Que s'est-il passé ?
Khaled, la colère rentrée, encore sous stress, le raconte en fumant une cigarette après l'autre, comme il l'a fait à beaucoup après sa libération et son retour en France. «Un simple piège : les manifestations duraient depuis des jours déjà. Une femme m'appelle au téléphone et me parle d'informations à me fournir. Elle avait un fort accent étranger. Irakienne. Quelque temps après, je la rencontre dans un café et là, je commence à soupçonner le piège : elle n'avait rien d'une militante qui voulait dénoncer quelque chose. «Vous n'avez pas peur de me parler ?», lui dis-je. Et elle me répond de suite : «C'est à toi d'avoir peur !». Immédiatement après, six gars me tombent sur le dos, je suis menotté et là commence mon voyage dans les sous-sols syriens».

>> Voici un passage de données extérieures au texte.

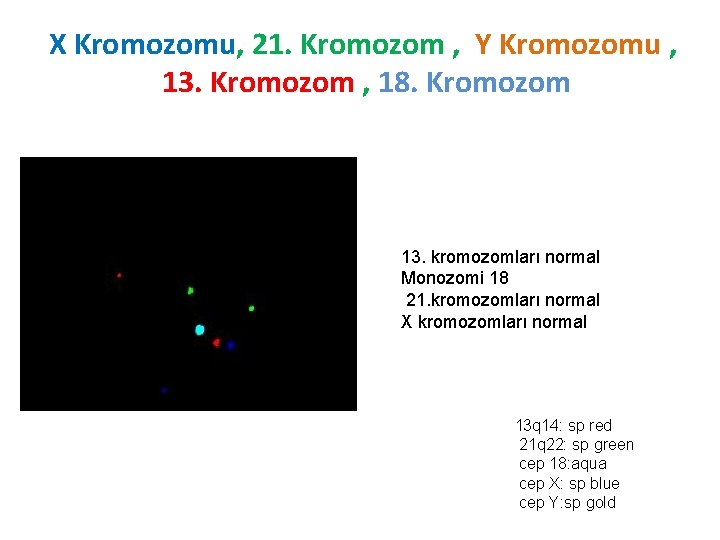 X Kromozomu, 21. Kromozom , Y Kromozomu , 13. Kromozom , 18. Kromozom 13.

Au début, notre témoin a hésité à raconter : «Je ne veux pas que cela soit mal interprété», insiste-t-il et il fallait penser à la sécurité des gens restés «là-bas». Une autre raison ? «Ici en France, beaucoup se contentent de me poser la question sur ma détention ou sur les conditions de prison. Personne ne veut qu'on parle des Syriens et de ce qu'ils subissent là-bas». Le black-out sur ce peuple est presque total et pour des raisons de «politiques stratégiques» évidentes : le régime syrien est un verrou régional, un «meilleur ennemi» d'Israël et un pilier de l'équilibre instable de la région.

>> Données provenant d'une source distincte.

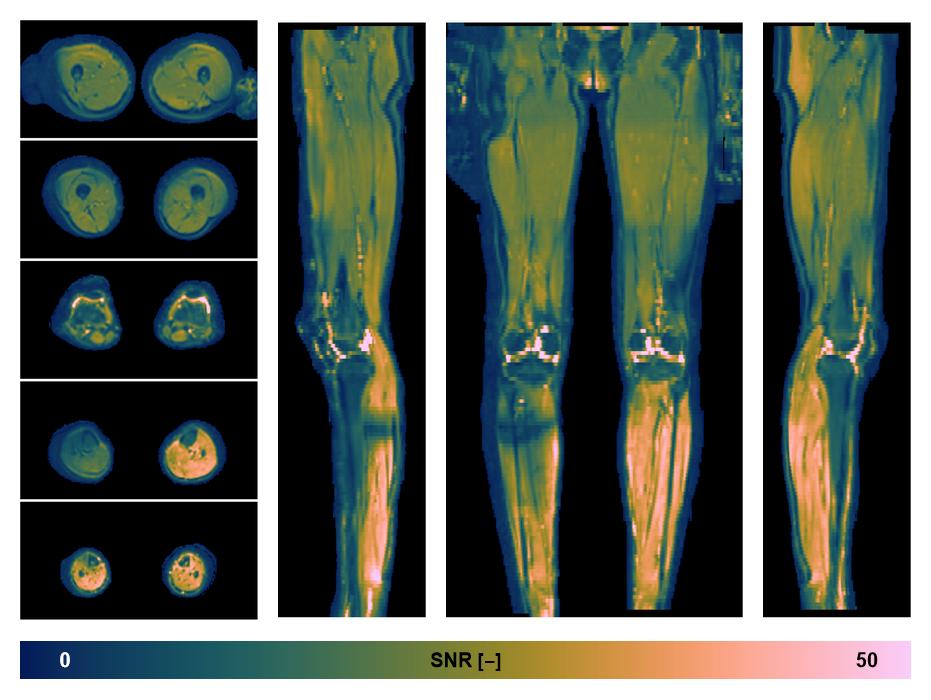 SNR distribution of the unweighted diffusion data.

Démocratiser la Syrie est synonyme d'instabilité pour l'Occident et Israël surtout. Khaled en est conscient, «sauf qu'il me faut parler. Il faut que je dénonce ces monstres en Syrie et ce qu'ils font subir aux Syriens. Il faut que le monde sache». Images de torturés, «d'hommes dans mon couloir de cellule que j'entendais pleurer comme des petites filles après les tortures».

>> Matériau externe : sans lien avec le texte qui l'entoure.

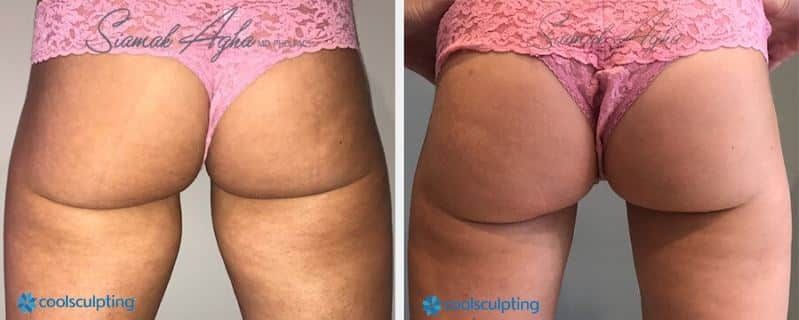 CoolSculpting Before & After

Un instant, dans ce resto fermé sur lui-même comme tout l'Occident, Khaled pleure. Il est seul à entendre les cris et à revoir les images du cauchemar syrien. Moment de silence. Dans le resto, cliquetis des fourchettes sur les assiettes. Impression que la terre est composée de sept planètes. Chacune dans un monde à part. Isoloirs des drames modernes dans l'étreinte de la mondialisation qui en sélectionne les best-sellers.
Le numéro 22 raconte :
«Après, ils ont fouillé mon appartement et emporté mes micros et mes disques durs. La scène était assez hilarante, avec moi menotté pendant que l'un des agents fouillait mon ordi en me jetant des regards de lourds soupçons». La suite sera plus dure : passage à tabac, interrogatoires réguliers et serrés, menaces, etc. «Je n'ai pas été torturé mais les prisonniers, autour de moi, l'ont été et affreusement», raconte Khaled. Images des «instruments de la Question» dans la salle des agents. «Dans les couloirs, on s'appelait par nos numéros, entre voisins de cellules. N° 22 ? Vous êtes là ? Moi je suis le n° 26». Parfois, c'était des gamins. Horribles scènes. Je ne pardonnerai jamais à ces gens d'avoir fait ce qu'ils ont fait de ce peuple. Il faut le dire partout, le dénoncer, le crier».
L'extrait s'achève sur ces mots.